会報十五号(一九九六年八月)の拙稿「法隆寺の中の九州年号−−聖徳太子と善光寺如来の手紙の謎」において、『善光寺縁起集註』に見える聖徳太子からの手紙とされる文書に「命長七年丙子」という九州年号があることを紹介した。そして、命長七年(六四六)という年次などから考えて、この手紙は聖徳太子ではなく、九州王朝の高位の人物が善光寺如に宛てた手紙であるとした。その文章は次の通りだ。
御使 黒木臣
名号称揚七日巳 此斯爲報廣大恩
仰願本師彌陀尊 助我濟度常護念
命長七年丙子二月十三日
進上 本師如来寶前
斑鳩厩戸勝鬘 上
この「命長」文書こそ、法興三二年(六二二)に没した多利思北孤の次代にあたる利歌弥多弗利のものと考えたのであるが、その内容は死期せまる利歌弥多弗利が、「我が済度を助けたまえ」という、いわば願文であり、ここにも「病状とみに悪化」「命、旦夕」のもう一人の倭王の姿を見るのである。おそらく、利歌弥多弗利は永く病に臥してしたのではあるまいか。なぜなら、「命長」という九州年号に、時の天子の病気平癒の願いが込められている、と見るのは考えすぎであろうか。
上塔(かみとう)の利
わたしの推測が当たっていれば、その願いや善光寺如来への「願文」もむなしく、病は治ることなく没したと思われる。と言うのも、九州年号「命長」はこの七年で終り、翌年「常色」と改元されているからだ。利歌弥多弗利崩御による改元ではあるまいか。
さらに、利歌弥多弗利という名前からも次のように推論できる。従来『隋書』イ妥*国伝に見える「名太子爲利歌弥多弗利」を、「太子名付けて利歌弥多弗利となす」と読まれてきたが、古田説によれば、「太子名付けて利となす。歌弥多弗の利なり」と読むのが妥当であるとされた。すなわち、多利思北孤の太子は「歌弥多弗(かみたふ:上塔)の利」と呼ばれていたとされ、「上塔」は地名であろうと考えられた。そして「かみとう」という字名が博多湾岸にあることを指摘されたのである。

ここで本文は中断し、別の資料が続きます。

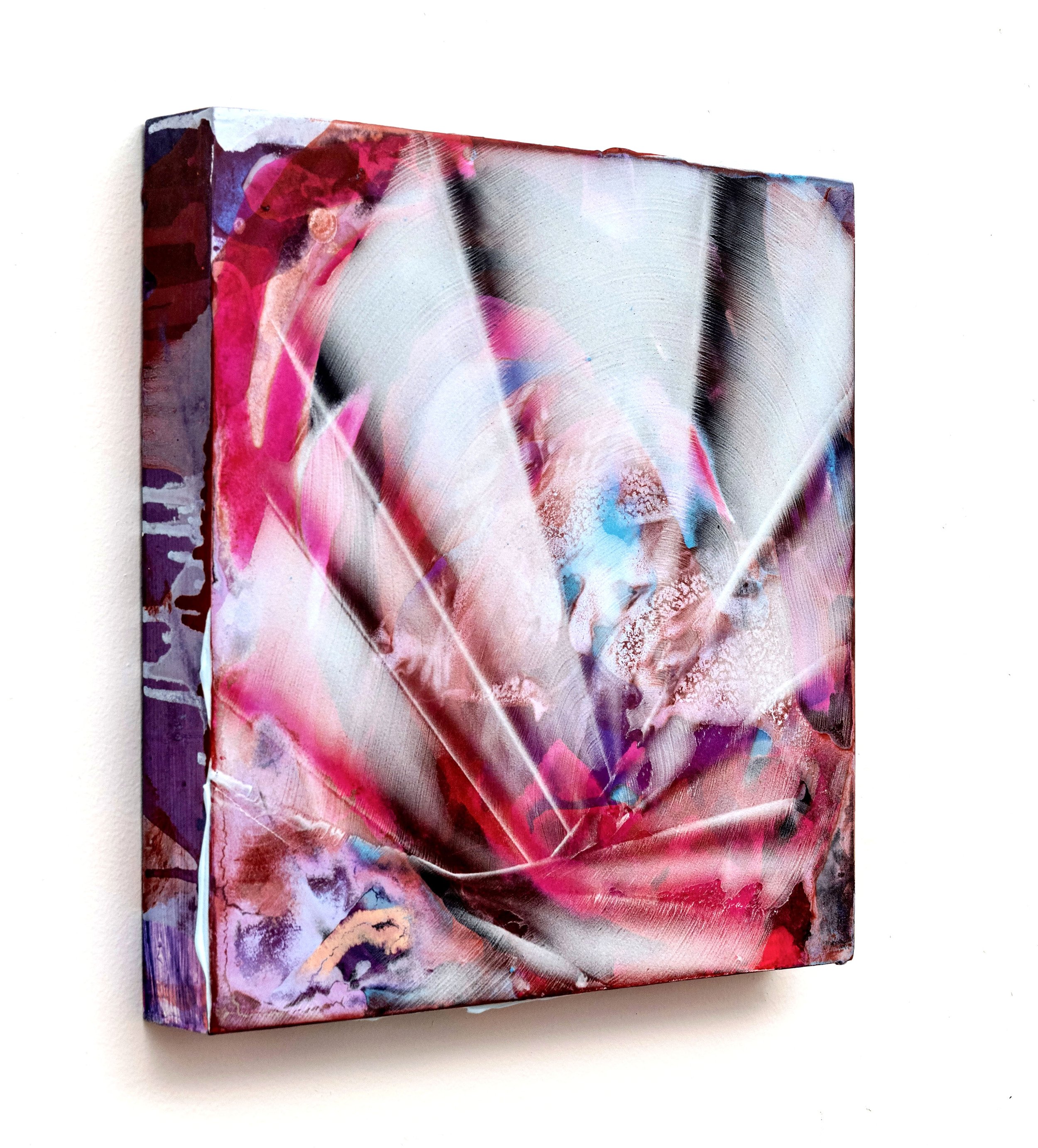 Tremor (3/4 view), 2026, acrylic & seawater on panel, 12 x 12 x 1.5 inches.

そうすると、「君が代」が詠われる、志賀島の志賀海神社の祭礼「やまほめ祭り」の台詞に見える「香椎から船で来られるわが君」と利歌弥多弗利(上塔の利)が、地理的にも一致するのである。この点も、「君が代」の君の候補として、利歌弥多弗利を有力候補の一人とすることを支持するのだ。もちろん、現段階では作業仮説の域を超えるものではないので、断定できない。今後の研究成果を待たなければならないであろう。
利歌弥多弗利の生没年
さて、最後に利歌弥多弗利の生没年について、更に論究してみたい。没年はすでに述べたように、善光寺文書の史料批判により命長七年(六四六)と一応推定されるが、生年を推定させる史料があるので紹介する。それは淡海三船(七二二〜七七五)の撰になる『唐大和上東征傳』(略して『東征傳』とも呼ばれる)である(宝亀十年、七七九年の成立とされる。『群書類従解題』による)。

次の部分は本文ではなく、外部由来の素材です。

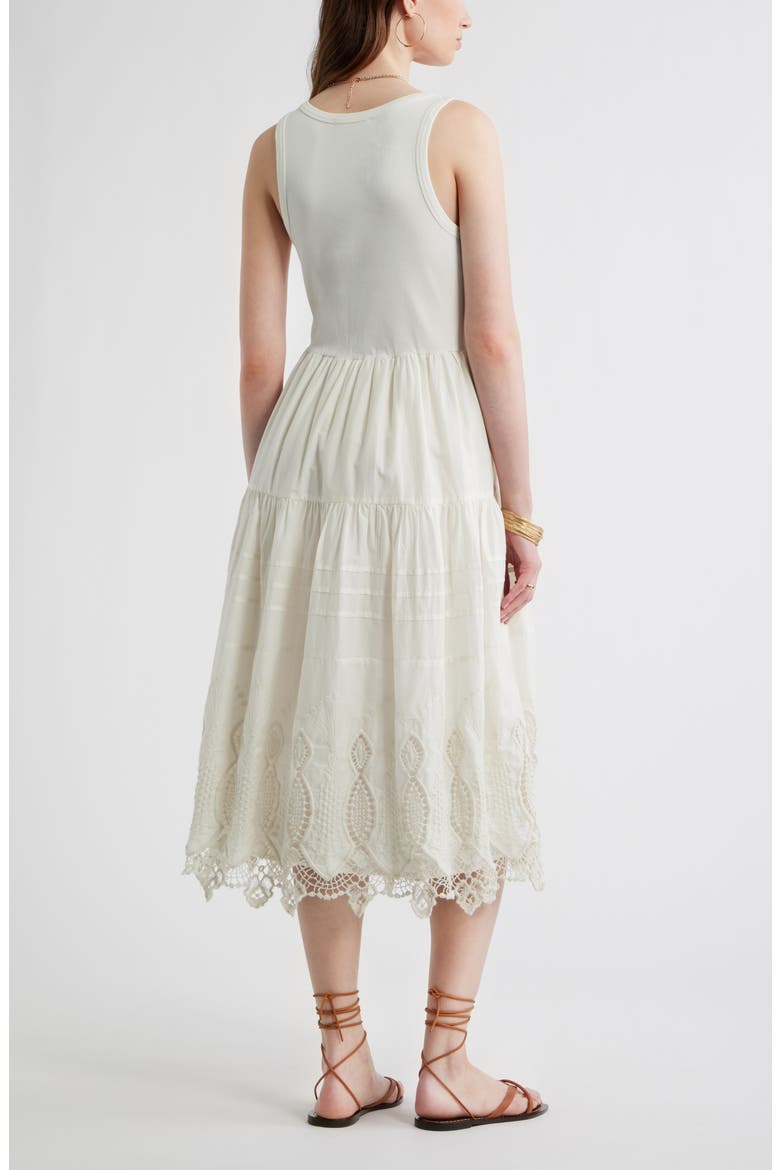 Embroidered Mixed Media Henley Tank Dress, Alternate, color, IVORY EGRET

有名な鑑眞和上の伝記であるが、鑑眞和上の発言として次の記事がある。
「大和上答曰。昔聞南嶽思禅師遷化之後。託生倭國王子。興隆佛法。濟度衆生。又聞日本國長屋王崇敬佛法。」(『群書類従』による)
天台宗の第二祖、南嶽思禅師が没後、倭国の王子に生まれかわり、仏法を盛んにしたいう伝承を昔聞いたことがある、と鑑眞和上とが述べている記事だ。詳しい解説と論証は別に発表する予定であるが、ここでの倭国とは九州王朝のことであり、長屋王の日本国と区別した表記であることを、荒金卓也氏が『九州古代史の謎』で指摘されている。卓見であろう。更に荒金氏は、後に聖徳太子のこととされて流布されたこの倭国王子は、九州王朝の多利思北孤のことであるとされた。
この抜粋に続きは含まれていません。